Write out, from the entries below, exactly the lines that run between the lines holding "Masai Giraffe" and "H1 H2 H3 Tags", inclusive, and stop there.

■ Listed entries ■
/---

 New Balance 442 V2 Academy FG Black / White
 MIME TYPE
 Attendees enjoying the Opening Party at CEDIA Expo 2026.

\---
/---

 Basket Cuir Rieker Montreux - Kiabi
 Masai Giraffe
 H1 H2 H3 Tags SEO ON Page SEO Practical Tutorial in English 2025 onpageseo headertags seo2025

\---

■ Task response ■
 Masai Giraffe
 H1 H2 H3 Tags SEO ON Page SEO Practical Tutorial in English 2025 onpageseo headertags seo2025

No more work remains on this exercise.